(EXCERPTED RECORDS Opens)
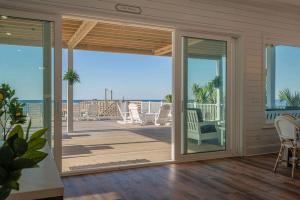 "A bright and airy beachfront home interior with large sliding glass doors opening to a spacious wooden deck. The deck features white Adirondack chairs, lounge seating, and potted plants, all overlooking the ocean. The indoor space has white shiplap walls, wood flooring, and natural light streaming in. A small sign above the door reads 'Stay Awhile,' inviting relaxation. The background reveals a clear blue sky and calm ocean waters, creating a tranquil coastal atmosphere.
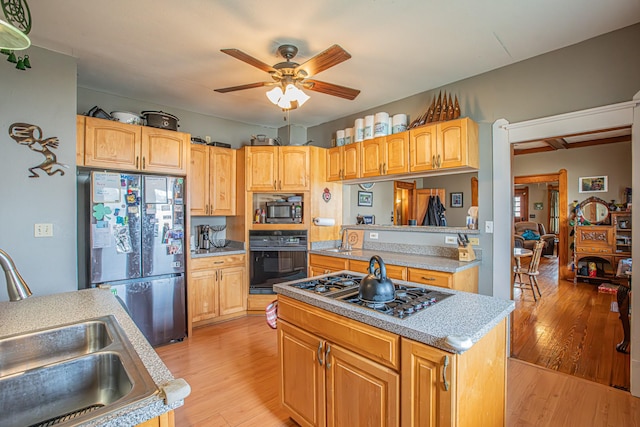 kitchen with light hardwood / wood-style floors, a center island, sink, and black appliances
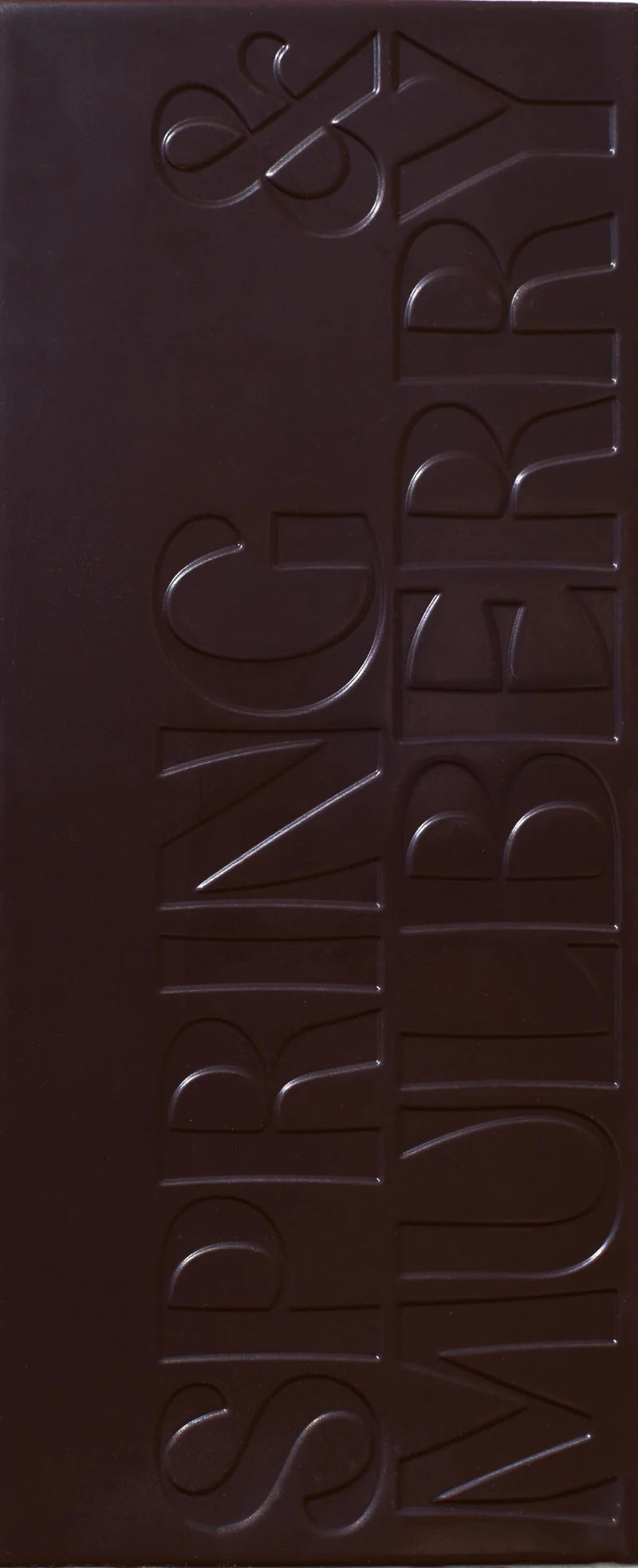 Unwrapped Spring & Mulberry Mint Leaf chocolate bar embossed with the Spring & Mulberry logo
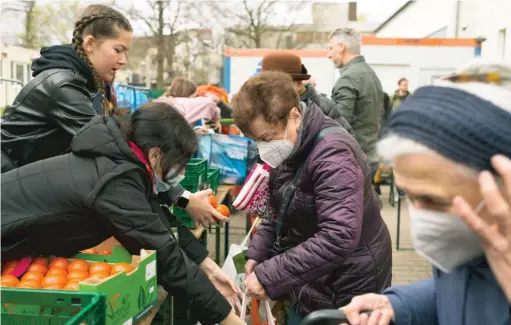  ?? MARKUS SCHREIBER/AP ?? Daria, 19, and Alina, 18, refugees from Odesa, Ukraine, distribute tomatoes during preparatio­ns for the celebratio­n of Passover at the Chabad Jewish Education Center in Berlin.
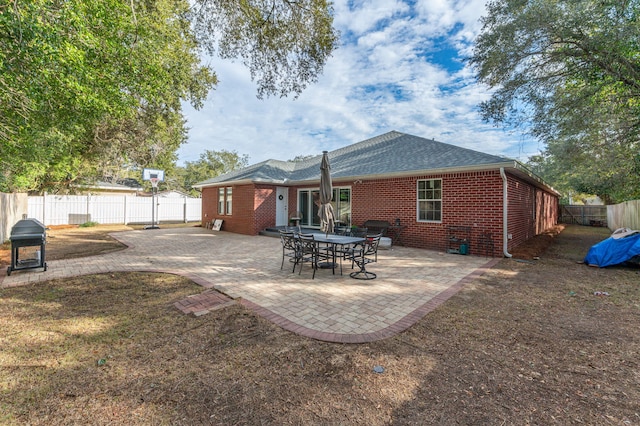 rear view of property with a patio area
(EXCERPTED RECORDS Closes)
• [PROBLEM DESCRIPTION]: Skipping all images, print the data above a second time exactly.

• [SOLUTION FOR THIS TASK]:
 "A bright and airy beachfront home interior with large sliding glass doors opening to a spacious wooden deck. The deck features white Adirondack chairs, lounge seating, and potted plants, all overlooking the ocean. The indoor space has white shiplap walls, wood flooring, and natural light streaming in. A small sign above the door reads 'Stay Awhile,' inviting relaxation. The background reveals a clear blue sky and calm ocean waters, creating a tranquil coastal atmosphere.
 kitchen with light hardwood / wood-style floors, a center island, sink, and black appliances
 Unwrapped Spring & Mulberry Mint Leaf chocolate bar embossed with the Spring & Mulberry logo
  ?? MARKUS SCHREIBER/AP ?? Daria, 19, and Alina, 18, refugees from Odesa, Ukraine, distribute tomatoes during preparatio­ns for the celebratio­n of Passover at the Chabad Jewish Education Center in Berlin.
 rear view of property with a patio area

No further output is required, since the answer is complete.